Nigel Kneale's Beasts

Andrew Screen, author of the forthcoming The Book of Beasts, explores a ‘touchstone of folk horror and hauntology’, the seminal 1976 series Beasts by Nigel Kneale…​

Mention the summer of 1976 to those who were around and they may go all misty-eyed as they nostalgically recall the record-breaking heatwave that evaporated water supplies, cracked paving flags and melted roads.

They might even recall the swarms of seven-spotted ladybirds that ran riot around the country. It was THE event of the year. It was a landmark in their life.

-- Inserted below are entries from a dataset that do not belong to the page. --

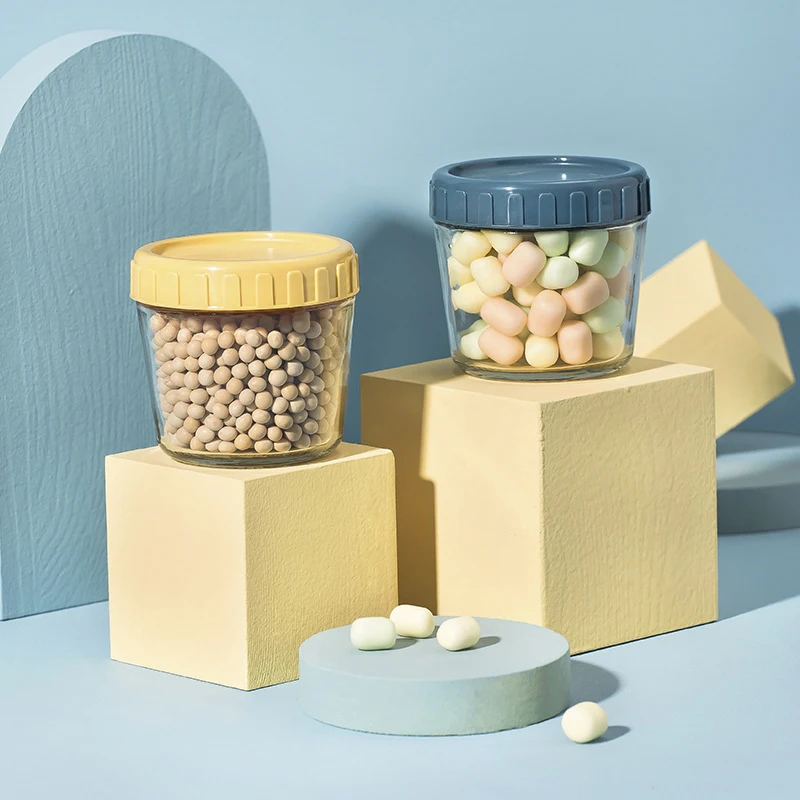 

Travel Sealed Glass Jars Portable Snacks, Bottling Candy Storage Fresh-keeping Cute Small Storage Jars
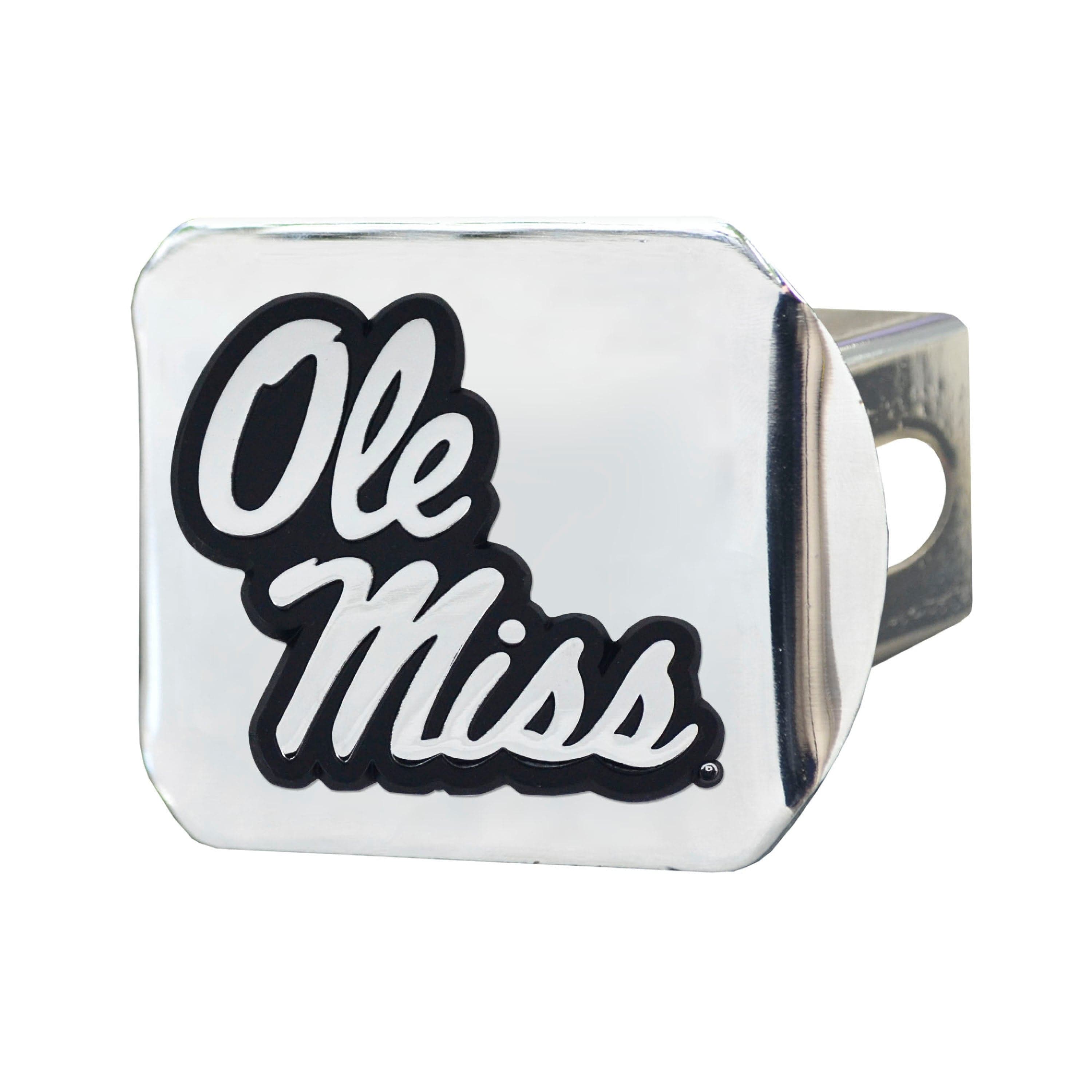 Ole Miss Rebels Chrome Metal Hitch Cover with Chrome Metal 3D Emblem - Ole Miss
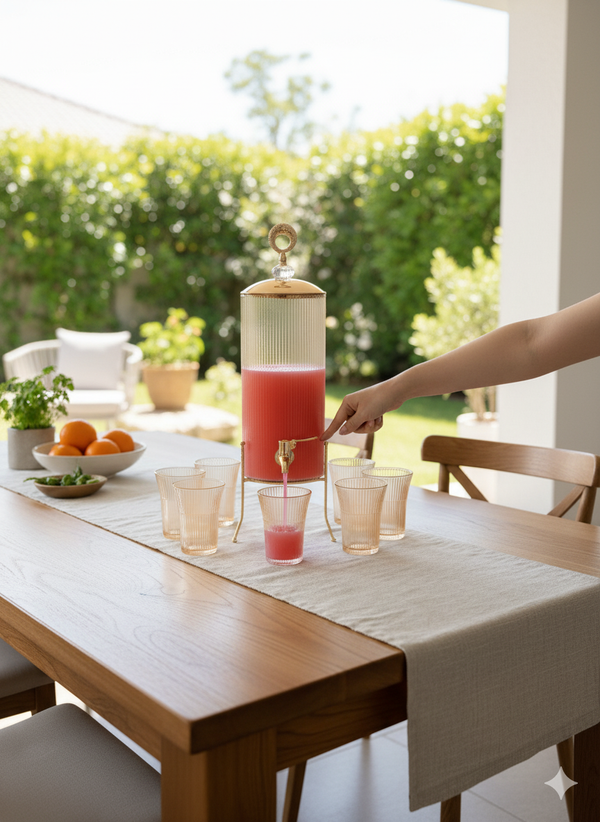Golden Fluted Drink Dispenser 1Pc Dispenser 6Pc Glass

Not for me. That occurred after the weather had broken, during October and November when I was allowed to stay up late and watch the ITV series Nigel Kneale’s Beasts (1976). I had pestered my mum for days beforehand, prompted by that week’s TV Times listing magazine giving the programme a hefty push with an interview feature with the series writer Nigel Kneale, called The Great Utility Monster, outlining the new programme. 

I first became associated with the work of Nigel Kneale when I was allowed to stay up late on Christmas Day 1972 and watch The Stone Tape (Peter Sasdy). I had just turned five years old a few months earlier and must have either been incredibly well-behaved or extremely quiet that night – my mum often fell asleep in front of the telly. So the memory is a little hazy, more impressionistic than solid. I recalled images of Jane Asher chased by a blob of light and someone falling down some stairs. The tone and feel of the production imprinted itself on me. I did remember the name of the man who wrote it, however, and scoured the TV listings, hoping to find something else he had written. I had to wait for exactly one year before I got my next Nigel Kneale fix in the form of the Hammer film version of Quatermass and the Pit (Roy Ward Baker, 1967) shown on Christmas Day 1973. From then on, I was a Kneale nut, borrowing books from the library to learn more about him.

Nigel Kneale Beasts

So it was no wonder I was in full pester mode towards my mum on a Friday night in October 1976…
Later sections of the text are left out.